He marshaled the forces of government to battle the pandemic, which had fundamentally changed the norms of everyday society and, about a month into Biden’s term, the death toll reached half a million. The president held a moment of silence outside the White House and delivered sunset remarks on the terrible American milestone. A president whose own life has been marked by family tragedy, Biden spoke at the COVID memorial in deeply personal terms, referencing his own losses as he tried to comfort the huge number of Americans whose lives had been forever changed by the pandemic.
“We often hear people described as ordinary Americans. There’s no such thing,” he said. “There’s nothing ordinary about them. The people we lost were extraordinary.
“I know all too well. I know what it’s like to not be there when it happens,” said Biden, who has long addressed grief more powerfully than perhaps any other American public figure. “I know what it’s like when you are there, holding their hands, there’s a look in your eye and they slip away.”
For a nation that had spent nearly a year of the pandemic being gaslighted about its severity, Biden’s words were bracing and, to some, refreshing. Every day, he’d pull out the card tucked in his right jacket pocket, a printed version of his daily schedule. But there were other items printed on it too. Very sad ones.

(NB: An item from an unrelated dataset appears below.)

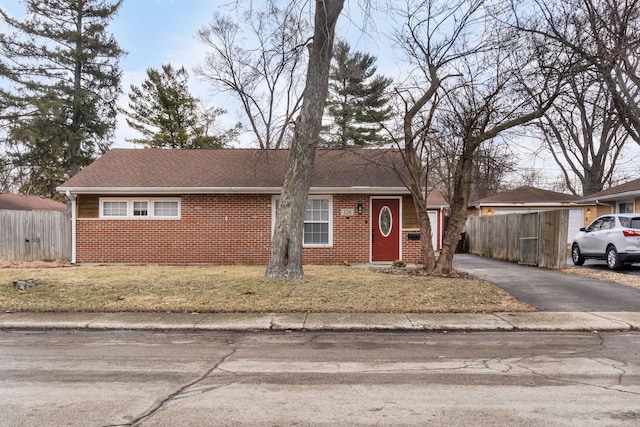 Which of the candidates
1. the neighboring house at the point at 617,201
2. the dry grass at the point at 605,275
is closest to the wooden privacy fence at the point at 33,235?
the dry grass at the point at 605,275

The card listed the number of Americans killed in Afghanistan and Iraq, which always made him think of his son Beau, whose cancer developed not long after his return from serving in the Middle East. Also on it: the daily numbers of vaccine doses administered, the previous day’s virus deaths, the daily hospitalizations, and the cumulative death toll. The weight of those numbers was seen on his face when, at public events, he would dig it out, squint, and ever-so-slowly read aloud the latest tally of COVID-19 dead.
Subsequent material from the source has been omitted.